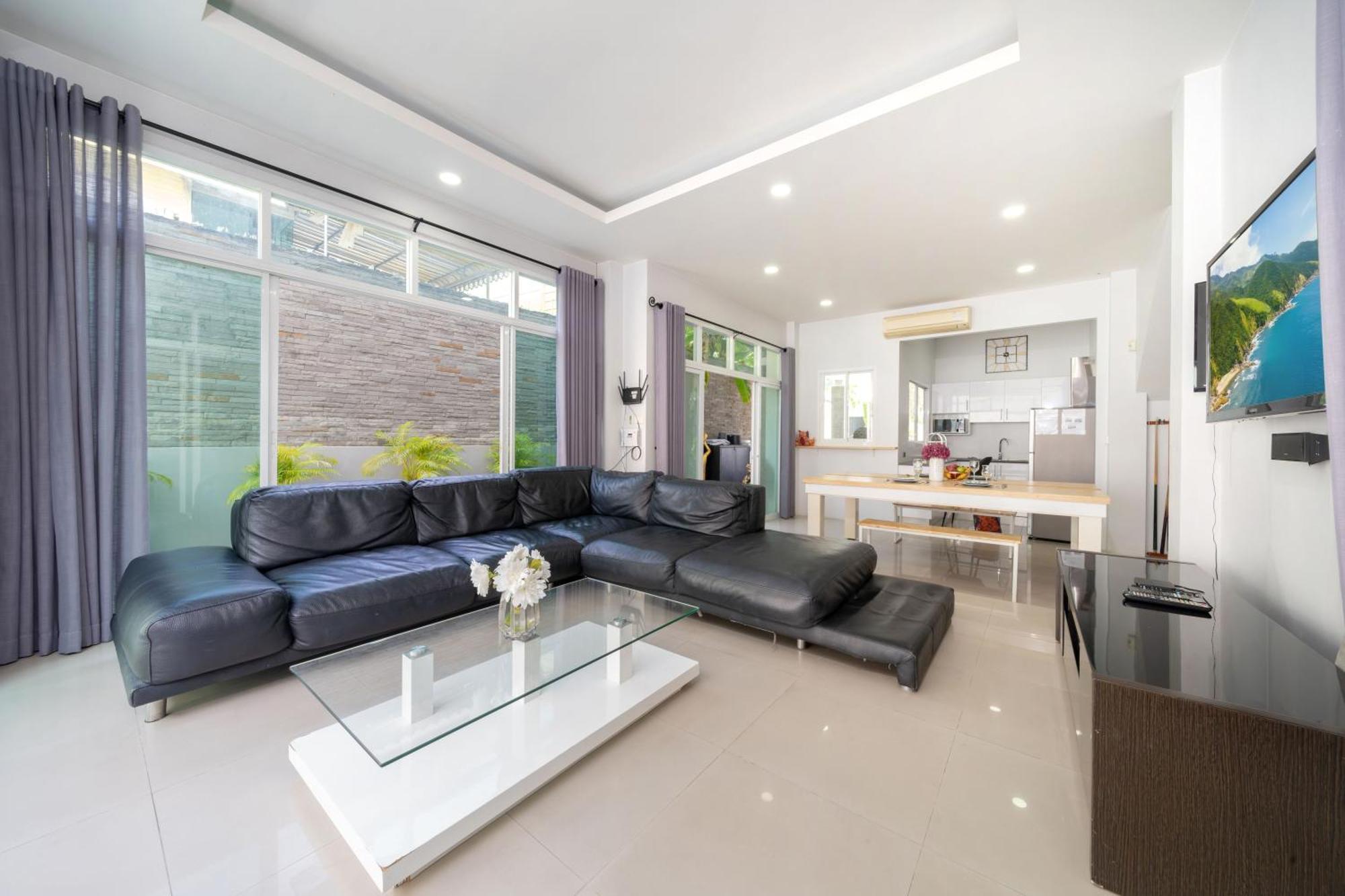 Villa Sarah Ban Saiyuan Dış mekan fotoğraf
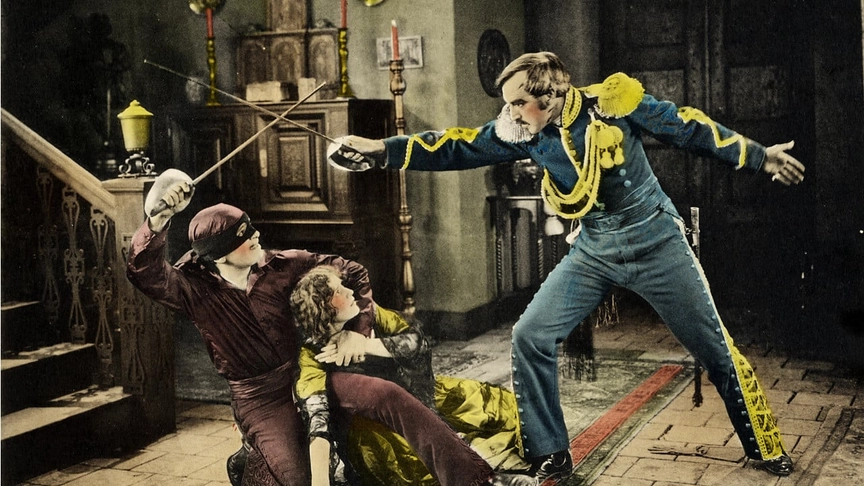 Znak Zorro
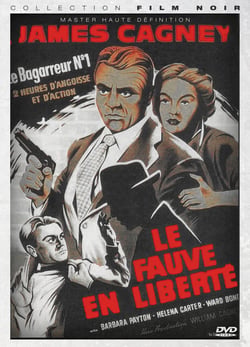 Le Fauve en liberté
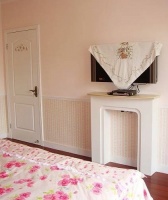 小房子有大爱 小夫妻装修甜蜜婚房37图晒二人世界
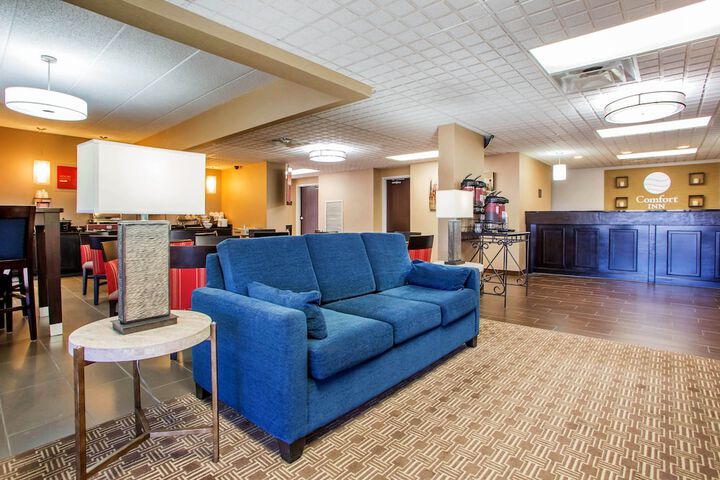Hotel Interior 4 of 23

------------------------------

-- GOAL OF THE EXERCISE --
Without including any picture, write out the material above exactly.

-- ANSWER BELOW --
 Villa Sarah Ban Saiyuan Dış mekan fotoğraf
 Znak Zorro
 Le Fauve en liberté
 小房子有大爱 小夫妻装修甜蜜婚房37图晒二人世界
Hotel Interior 4 of 23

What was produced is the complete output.